In streets and bars, the bush and the town, Rijasolo explores another Madagascar – a place where people start going out just as others are going home, where people cannot or will not sleep: a night-time Madagascar harboring the hardworking and the lazy, prostitutes and pleasure-seekers, the deprived and the party-goers.
It’s late. I’m in a bar in 67 ha* and the dodgy sound system is spitting out dance music. There’s a feel of the North, heat and nonchalance. Before me, a young woman is drawing on her cigarette, deep in thought; she sways on her chair to the salegy beat. I think she’s a bit drunk. She blows smoke up towards the ceiling as if she doesn’t want to bother me. She’s elegant, her gesture is beautiful. I take a photo.
The Malagasy night is my favorite territory. Like all photographers, light is crucial to me. But I avoid bright light; I prefer the gentle glow of a rainy day to the sharp backlight of afternoon sunshine; what appeals to me most is the fragile light of the night, the spare, rare luminosity of Malagasy nightlife. I seek it out, I walk along, tempting chance; maybe it will come from a hotely** in the middle of a street locked in by darkness, a dying streetlamp or a car’s headlights; and when it’s within reach of my lens, it’s no longer me who takes the shot, it’s this luminous oasis that draws the contours and the shadows, that makes the frame and defines the composition.
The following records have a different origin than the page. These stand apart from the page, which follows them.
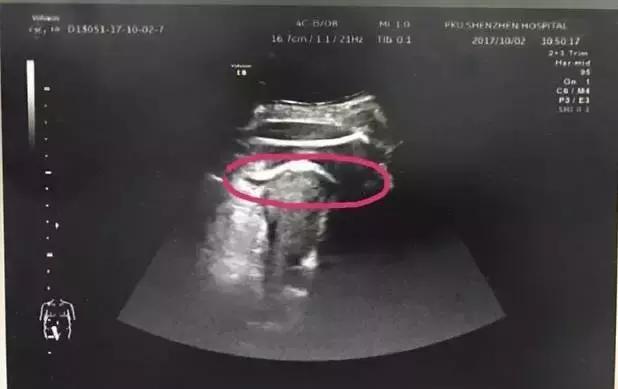 怀孕8月，胎儿竟一脚“踢”破子宫！原来是它惹的货！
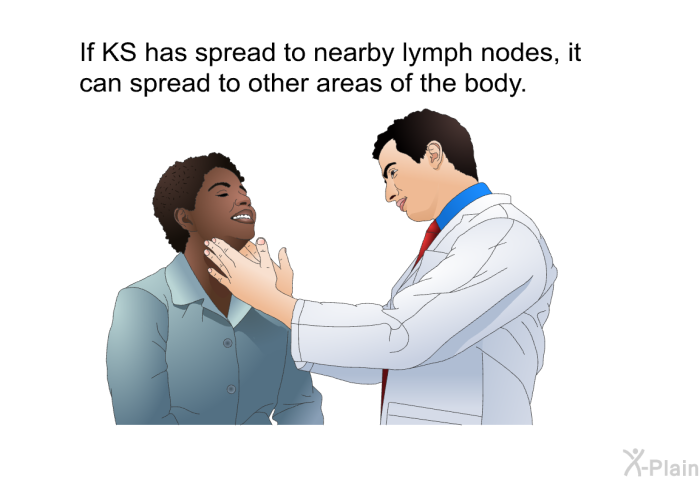 If KS has spread to nearby lymph nodes, it can spread to other areas of the body.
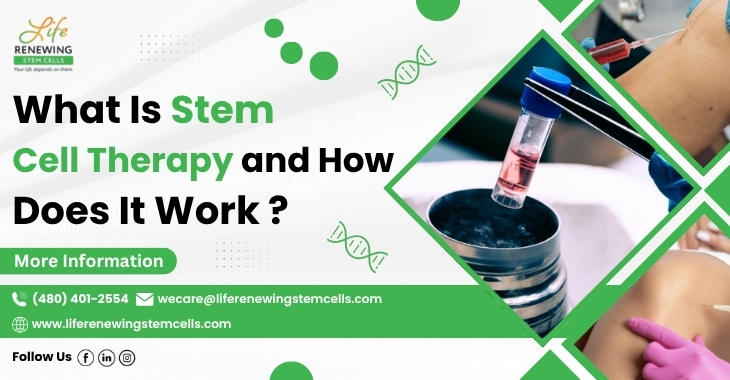 What Is Stem Cell Therapy and How Does It Work?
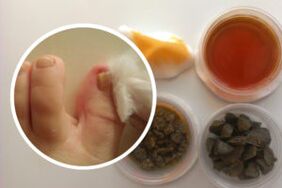 Treatment of toenail fungus with folk remedies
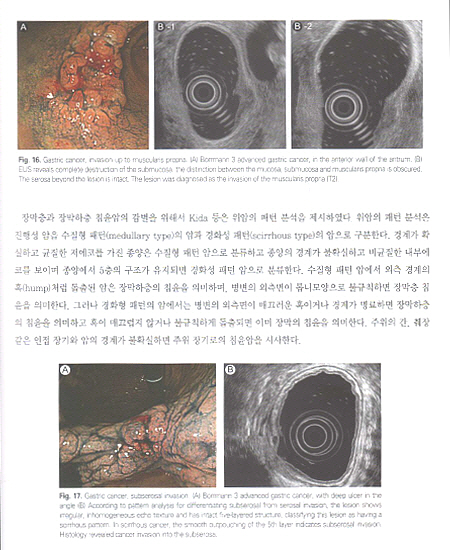 내시경초음파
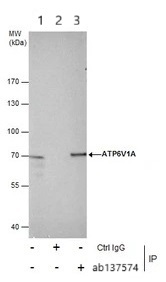 Immunoprecipitation - Anti-ATP6V1A antibody (AB137574)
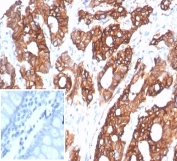 IHC staining of FFPE human colon carcinoma tissue with S100 calcium-binding protein A14 antibody (clone S100A14/7402). Inset: PBS used in place of primary Ab (secondary Ab negative control). HIER: boil tissue sections in pH 9 10mM Tris with 1mM EDTA for 20 min and allow to cool before testing.
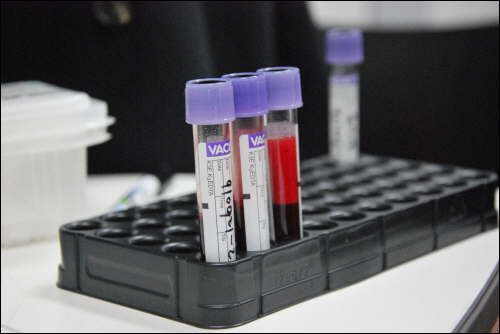 조직적합성검사를 위해 채취된 혈액샘플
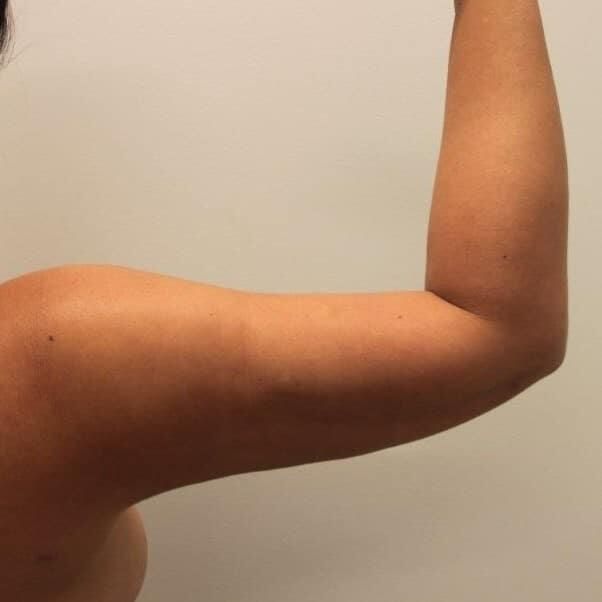Arm Liposuction Before & After
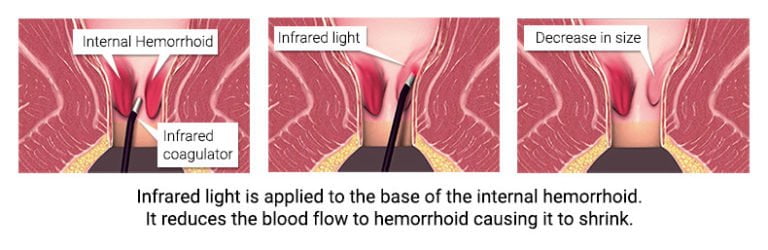 Hemorrhoid Treatment Specialist Nyc New York City Hemorrhoid Doctor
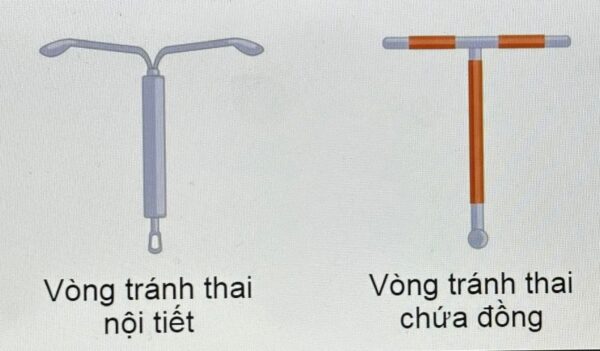 Đặt Vòng Tránh Thai Gồm Những Loại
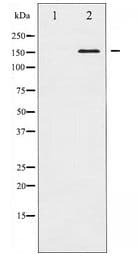 Rho Kinase / ROCK1 Antibody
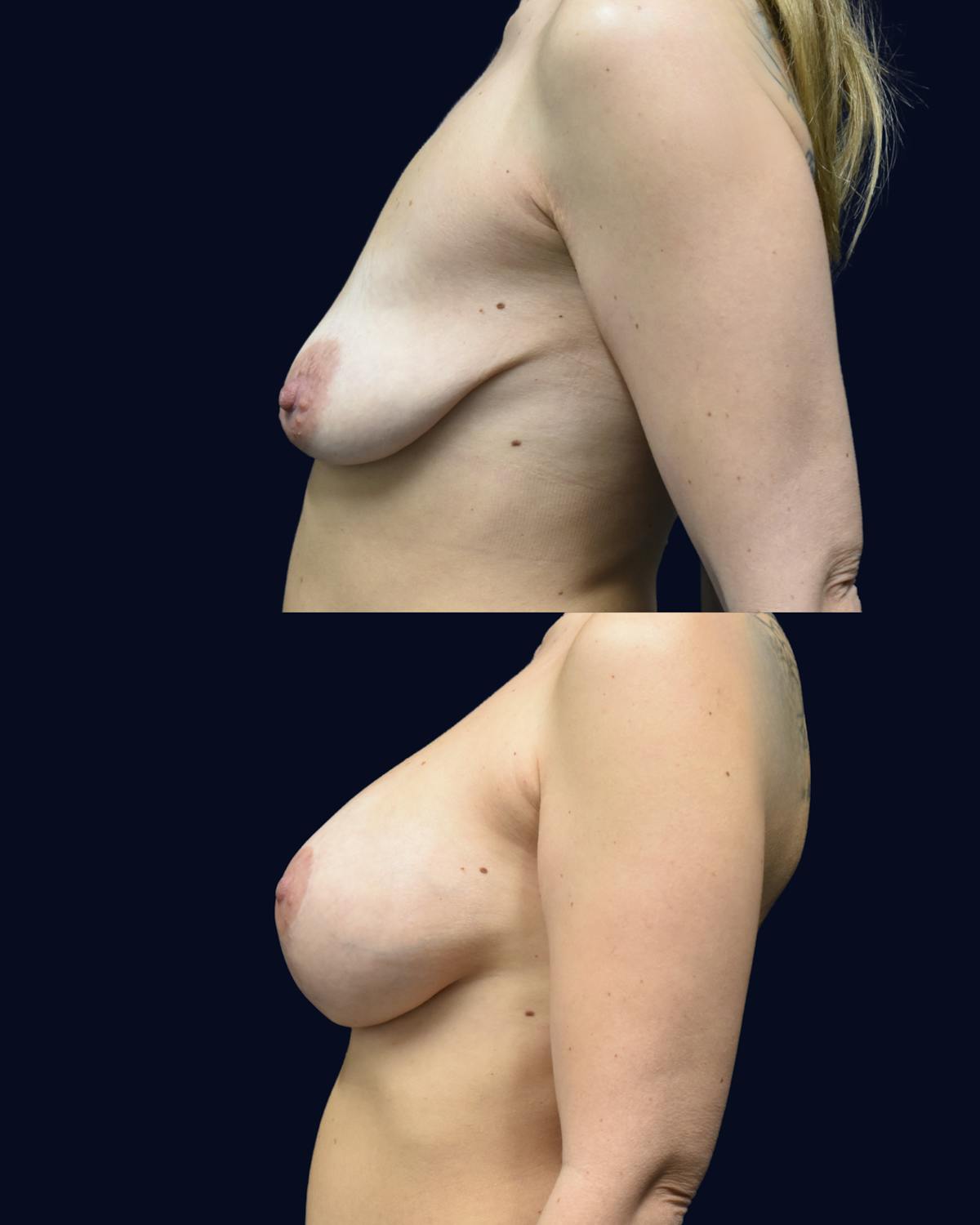 Breast Lift Before & After Gallery - Patient 101115 - Image 4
Once the brief twilight has passed, as the traffic jams slowly start to die down, the streets, pavements and buildings are plunged into an almost eerie darkness. People walk differently, faster, as if afraid of being caught out by the unexpected. They start behaving differently, they seek each other out with their eyes, finding it harder to see; footsteps behind you take on a new meaning, the barks of stray dogs seem ominous.
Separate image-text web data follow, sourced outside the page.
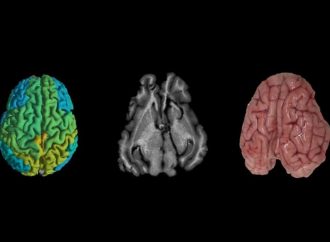 <strong>Universidad Hebrea de Jerusalem.</strong> La técnica de imagen israelí podría ayudar a los médicos a predecir el Alzheimer y el cáncer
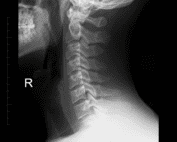 Neck pain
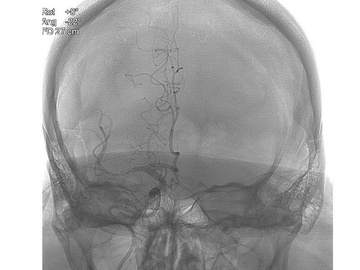 Right M1 occlusion with STAT technique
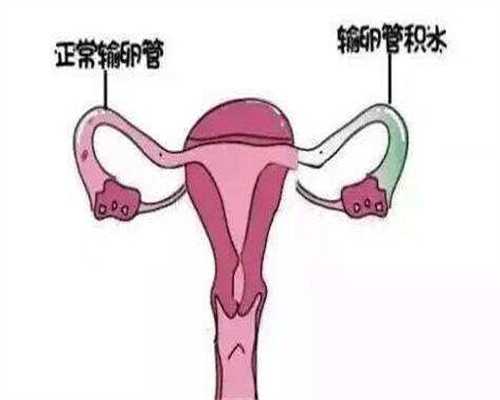 重庆高龄借卵生子流程 重庆四维彩超预约流程 ‘nt单月亮型看男女’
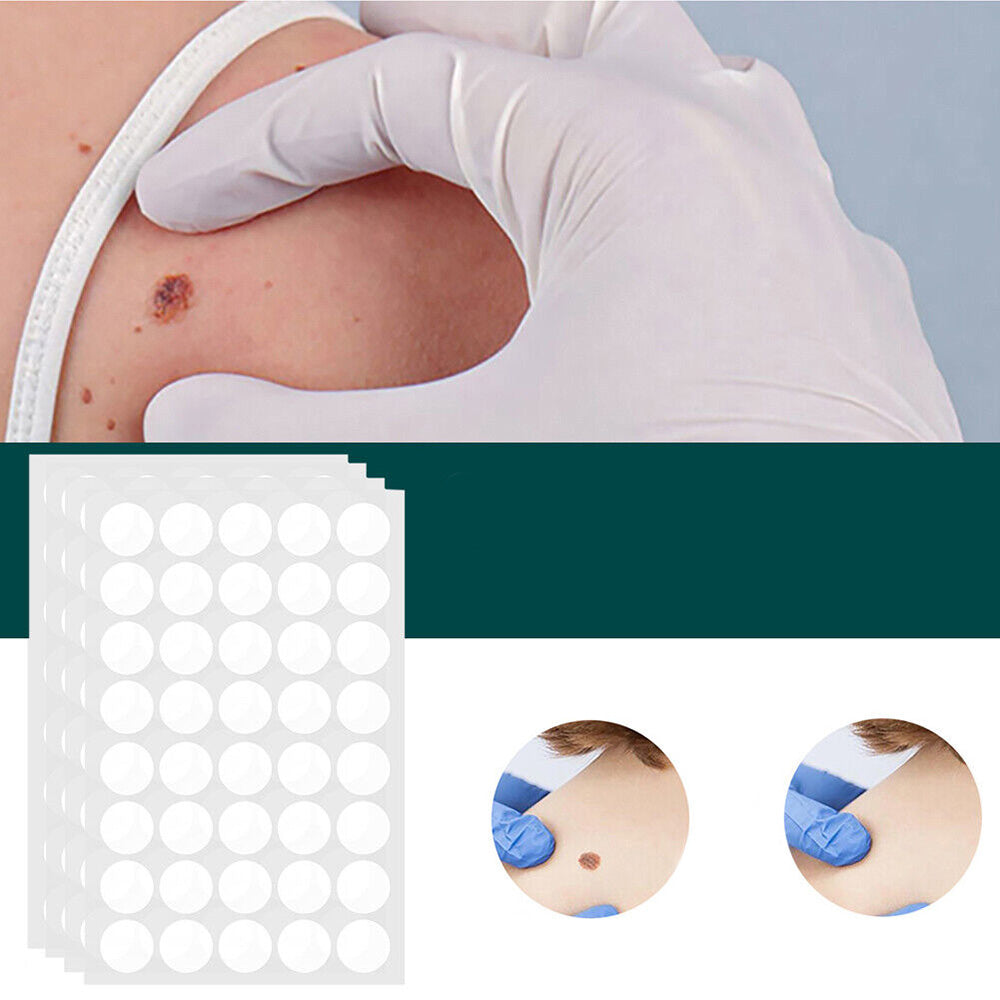 Spot and Wart Removal Patches for Skin Care Kalsten Treatment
While the daytime population makes itself cozy at home, a different crowd takes to the streets. Until the first light of dawn, the world belongs to others: people of the night, those who do not sleep, people who work or party, who generate noise and stop others from sleeping. The atmosphere becomes more electric, the rules change. Alcohol, stimulating music, prostitutes looking for uninhibited clients, nonsensical conversations, masks dropped…
I like to be among them. They’re unpredictable and noisy, they have no schedule, no projects, they are simply there to live, from the close to the start of day, their life as nocturnal creatures. And I do as they do, I become one of them, a flitting shadow moving from one point to another, waiting, setting off again, without attracting attention. And I take photos.
I like the night, because no one sees me.
* Working-class neighborhood in Antananarivo.